PROBLEM REQUIREMENTS
Leaving the images aside, transcribe all the data below exactly.

SOURCE DATA

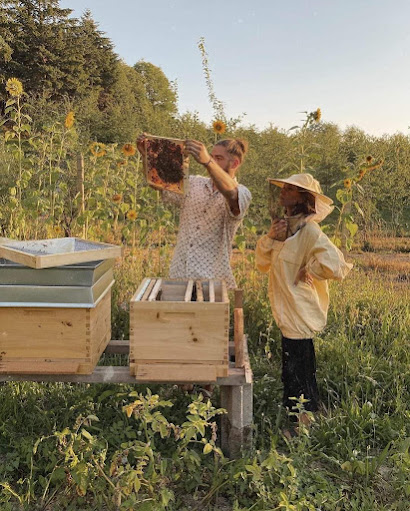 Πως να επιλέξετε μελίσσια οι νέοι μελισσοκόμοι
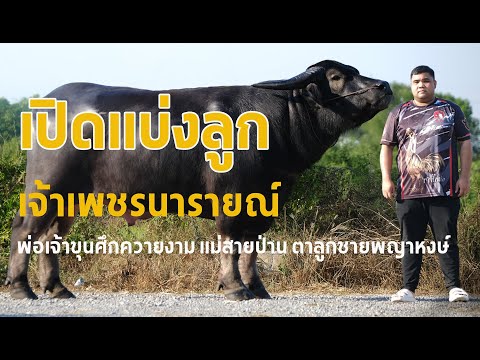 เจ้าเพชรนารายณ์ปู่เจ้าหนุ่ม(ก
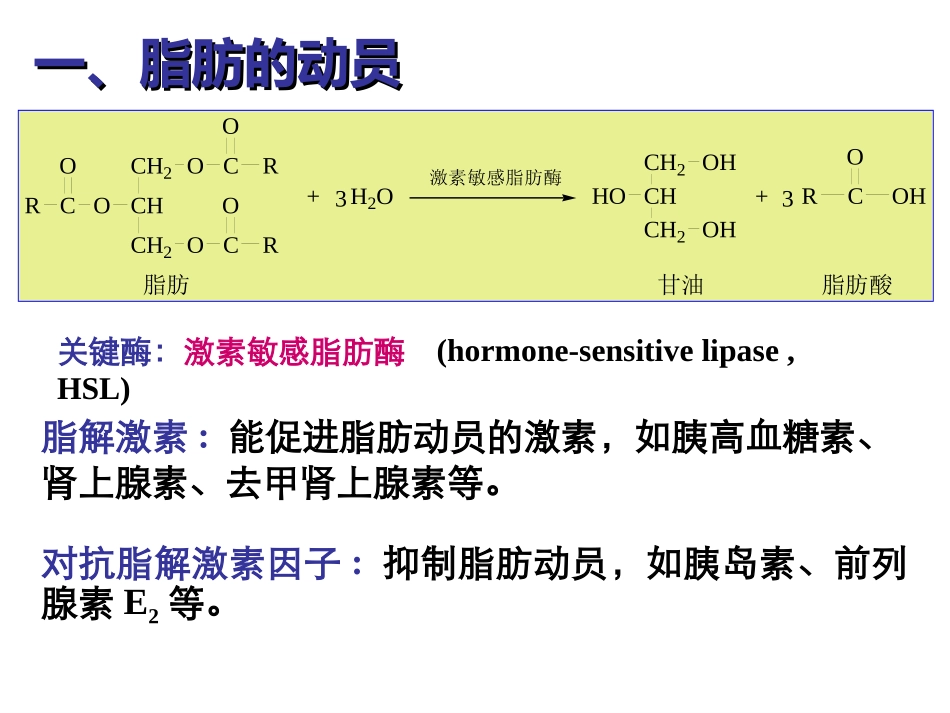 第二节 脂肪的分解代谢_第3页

RESULT FOR THIS TASK
 Πως να επιλέξετε μελίσσια οι νέοι μελισσοκόμοι
 เจ้าเพชรนารายณ์ปู่เจ้าหนุ่ม(ก
 第二节 脂肪的分解代谢_第3页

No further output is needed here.